**What is expected:** Only the lines from the beginning of the listing below through the line with "Blue Striped Double" belong in the answer; please print them exactly and drop the pictures.

**Task inputs:**
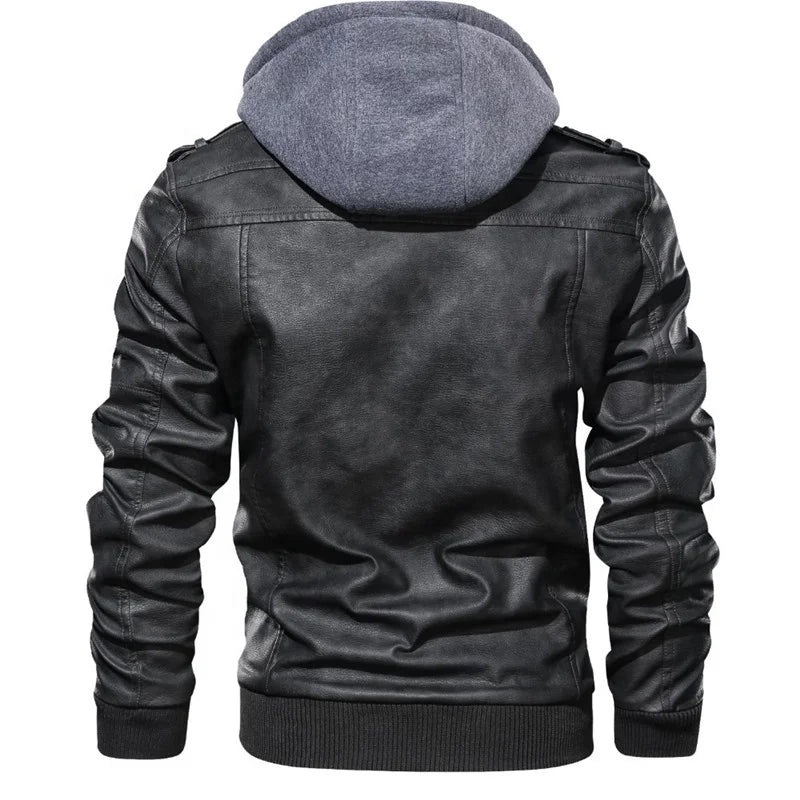 Jaqueta Masculina de Couro Original Romenzi RZ125 em couro genuíno com capuz removível, design elegante e qualidade premium, perfeita para conforto e estilo.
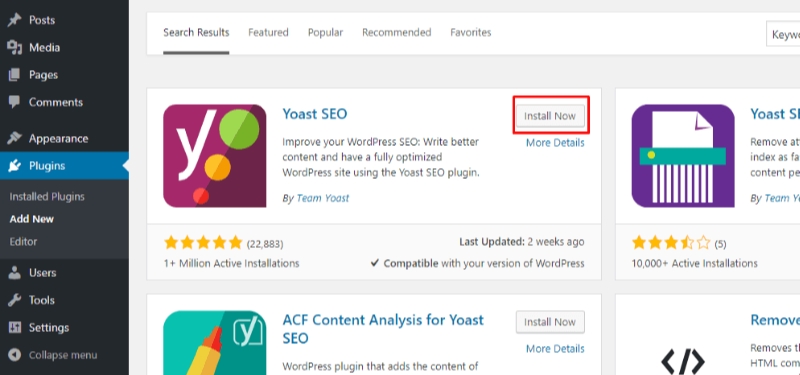 Cài đặt plugin Yoast SEO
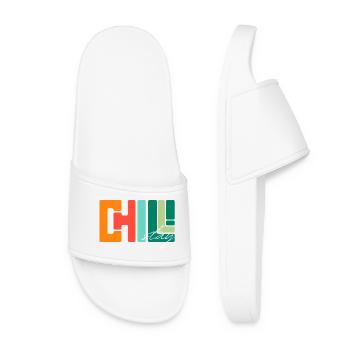Chill Stay: Geometrische Retro-Palette - Frauen Badelatschen - Weiß - Vorne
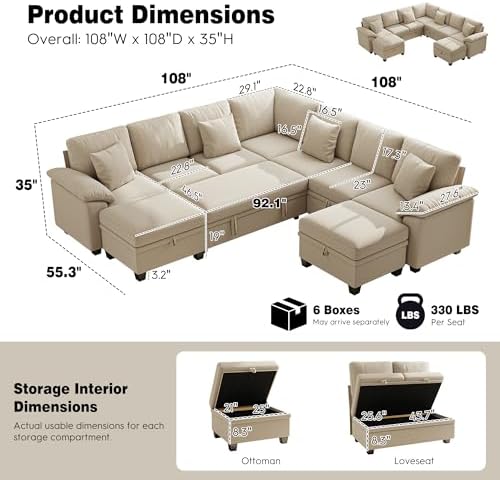 Ihanherry 108" Modular Sectional Sofa - Image 3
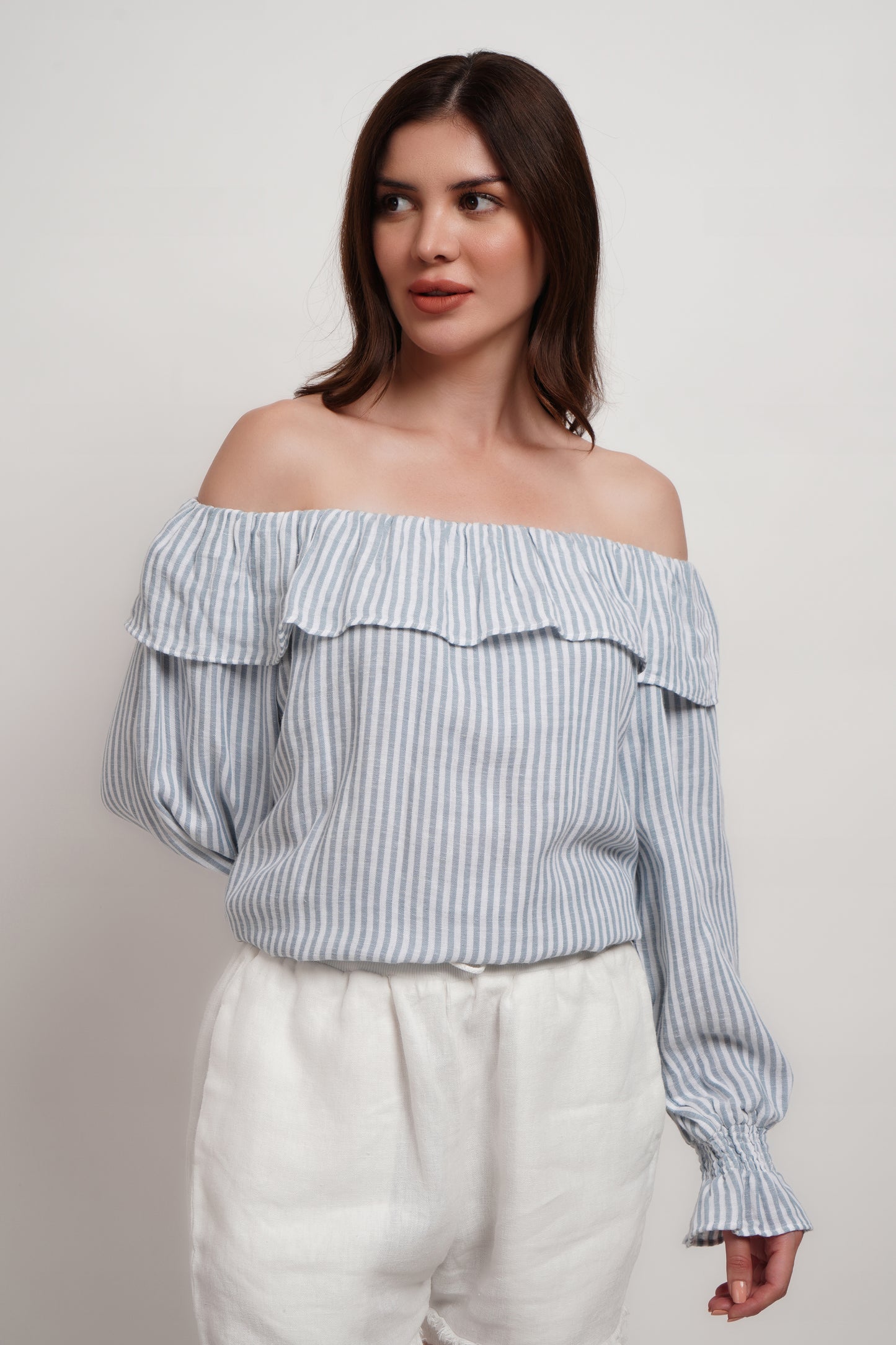 Blue Striped Double Gauze Linen Blend Off Shoulder Top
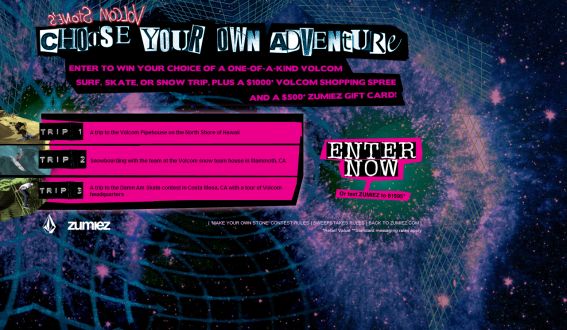 Zumiez Volcom Choose Your Own Adventure Sweepstaes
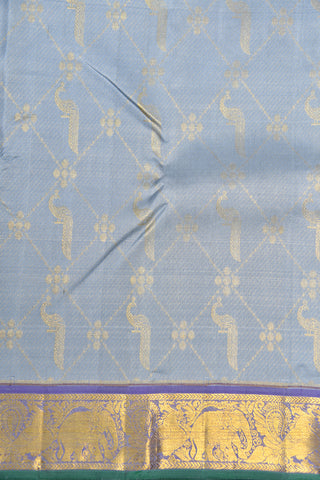 Traditional Zari Border With Geometric Pattern And Peacock Butta Powder Blue Kanchipuram Silk Saree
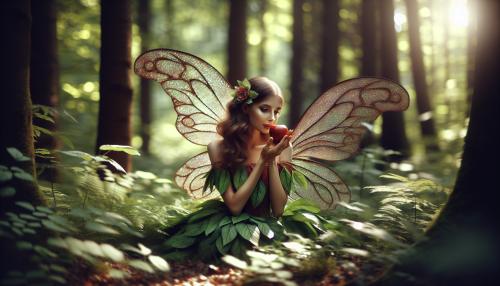A pretty wood fairy eating an apple.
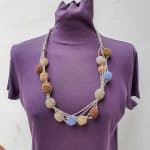 Crochet string necklace with wooden beads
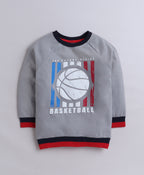Bumzee Grey Graphic Print Sweatshirt, Full Sleeves, French Terry (Style Peb9747)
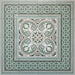 Victorian style floor layout featuring Regent Street 20cm x 20cm ceramic side and border tiles in green, arranged with coordinating centre tiles to create a traditional framed encaustic-style pattern.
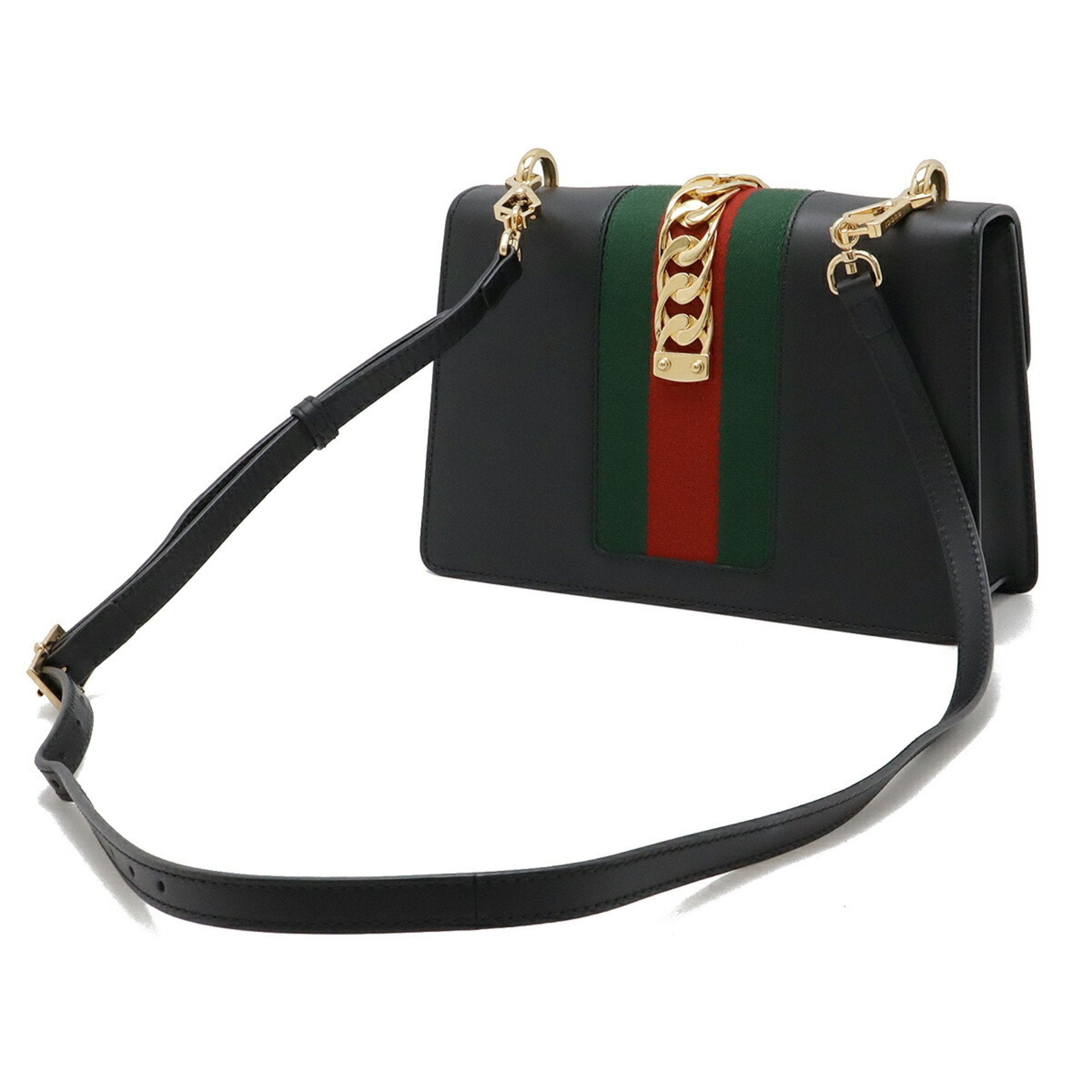 Gucci Black Green Red Color Leather Clutch Bag Shoulder Bag (Pre-Owned)
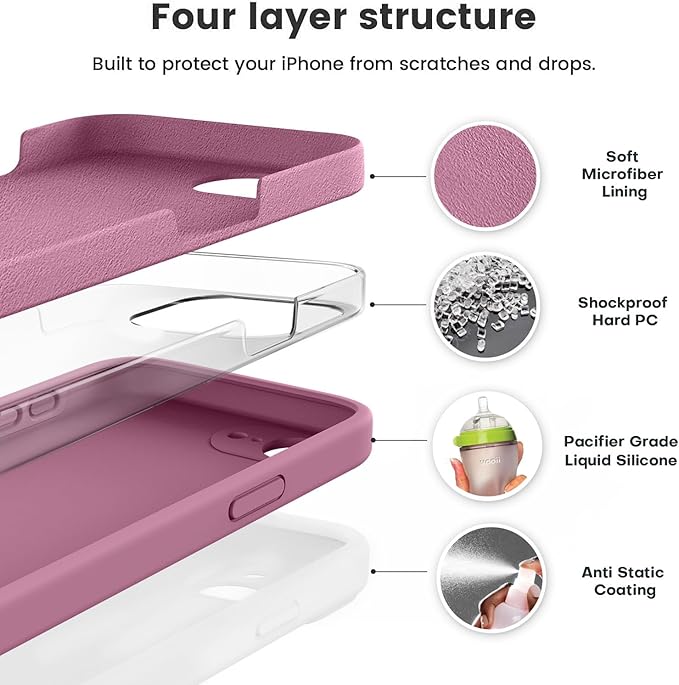 Vooii Compatible with iPhone 16e Case, Liquid Silicone Upgrade [Camera Protection] [Soft Anti-Scratch Microfiber Lining] Shockproof Phone Case for iPhone 16e 6.1 inch - Lavender Purple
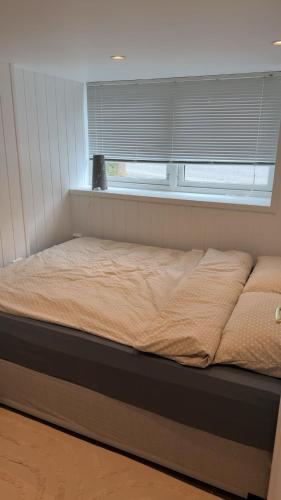 a large bed in a room with a window at Arendal Sentrum Ro in Arendal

**Solution:**
 Jaqueta Masculina de Couro Original Romenzi RZ125 em couro genuíno com capuz removível, design elegante e qualidade premium, perfeita para conforto e estilo.
 Cài đặt plugin Yoast SEO
Chill Stay: Geometrische Retro-Palette - Frauen Badelatschen - Weiß - Vorne
 Ihanherry 108" Modular Sectional Sofa - Image 3
 Blue Striped Double Gauze Linen Blend Off Shoulder Top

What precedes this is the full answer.